***** INFORMATION

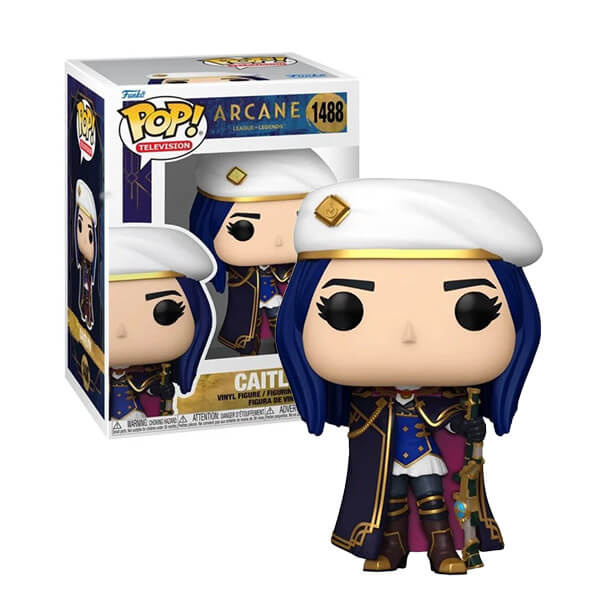 Funko Pop! 1488 Arcane League Of Legends Caitlyn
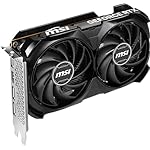 MSI-GeForce-RTX-4060-Ventus-2X-Black-8G-OC-Tarjeta-grfica-NVIDIA-RTX-4060-8GB-de-Memoria-GDDR6-18Gbps-PCIe-40-DLSS3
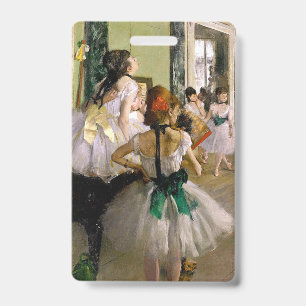Crachá Edgar Degas Classe de Dança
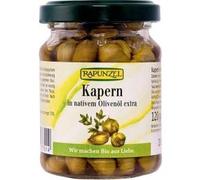 Alcaparras En Aceite Oliva Bio 120 Gr de Rapunzel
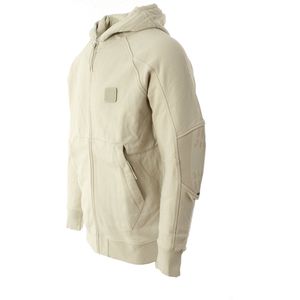 C.p. Company - Zip-Through Vest - Beige - Katoen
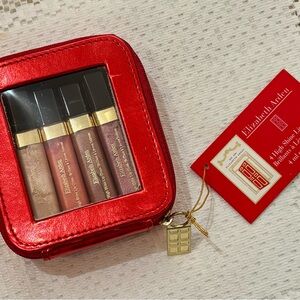 Elizabeth Arden 4pc Mini Lipgloss Set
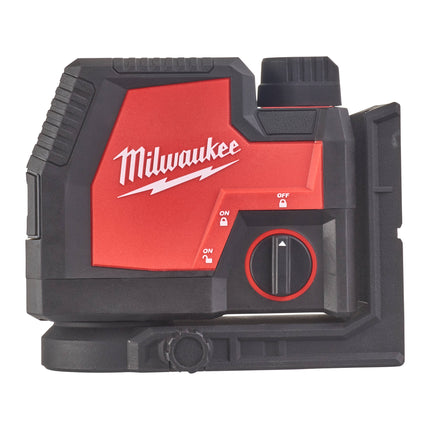 Milwaukee L4 CLL-301C Oplaadbare Kruislijnlaser - 1x3Ah 4V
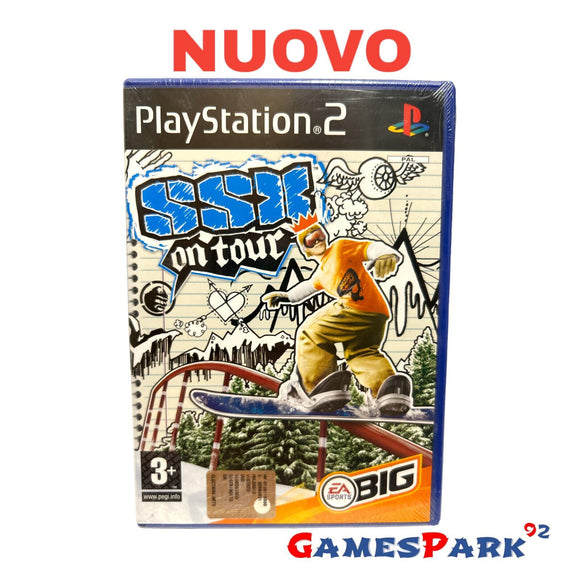 SSX on Tour PS2 PlayStation 2 NUOVO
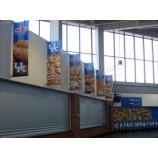 Paper banner advertising banner strip banner poster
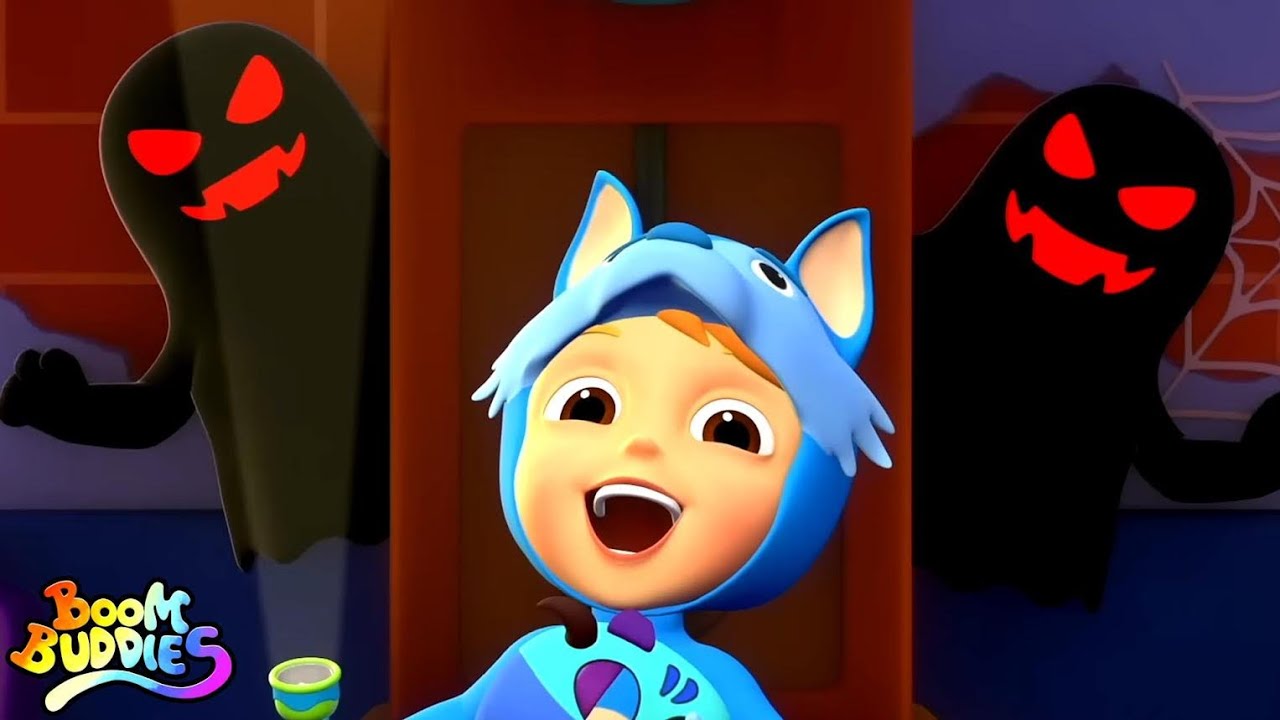 Talking Haunted House + More Halloween Songs and Children Rhymes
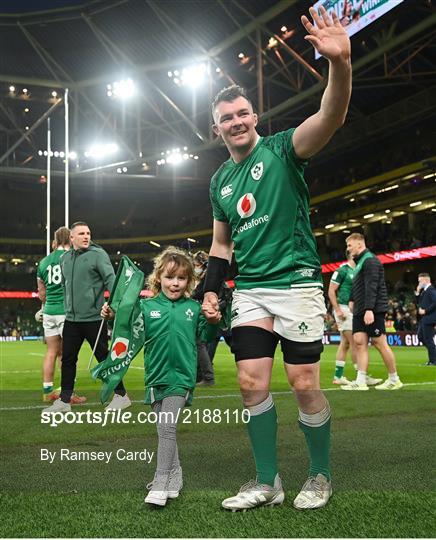 Ireland v Scotland - Guinness Six Nations Rugby Championship Ireland v Scotland - Guinness Six Nations Rugby Championship
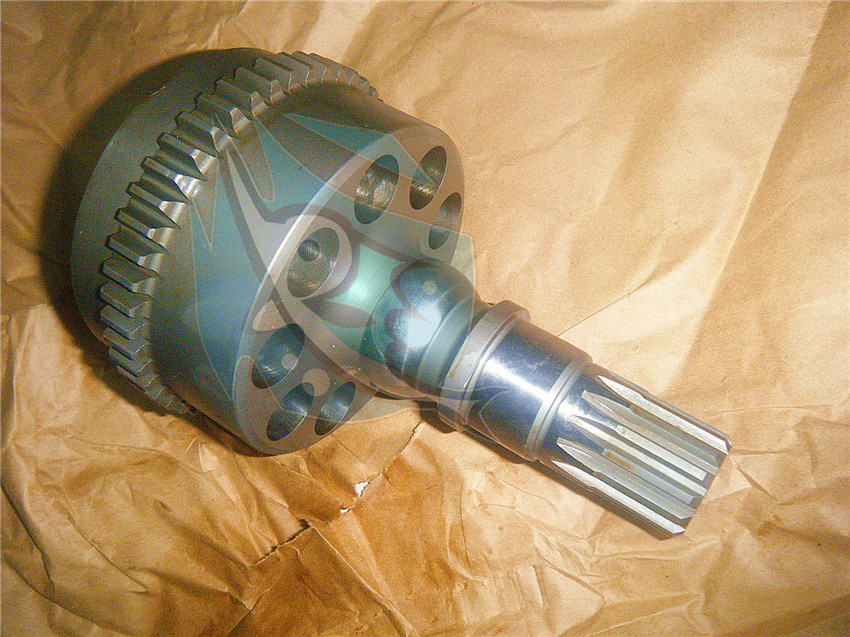 E315D Hydraulic Spare Parts Rotating Assy Barrel 1232143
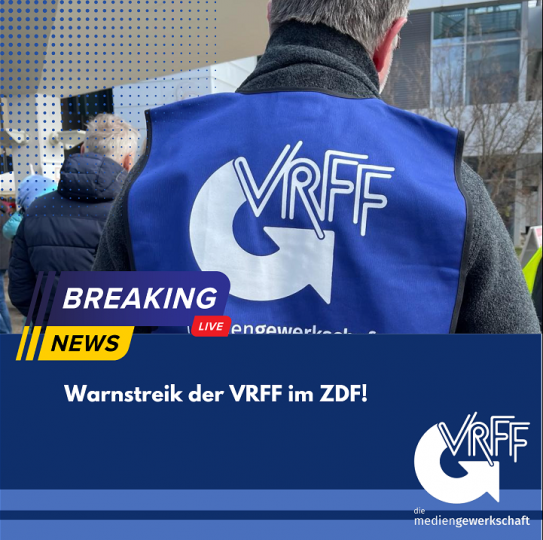 Warnstreik im ZDF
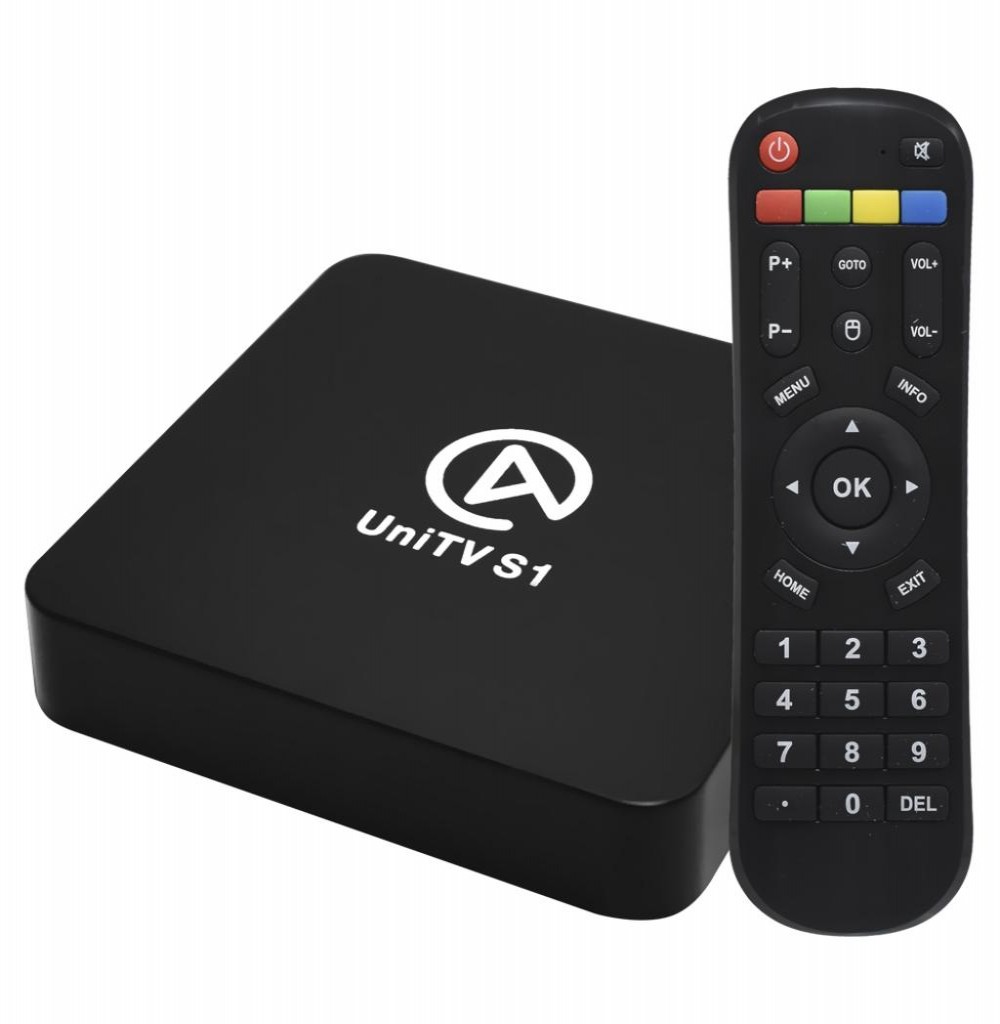 Receptor  Digital IPTV UNITV S1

**********

▶ _WHAT TO DO_
Leaving out the pictures, restate word for word the lines above from the one containing "Warnstreik im ZDF" through the end of the records, both ends included.

▶ _SOLUTION TO THIS EXERCISE_
 Warnstreik im ZDF
 Receptor  Digital IPTV UNITV S1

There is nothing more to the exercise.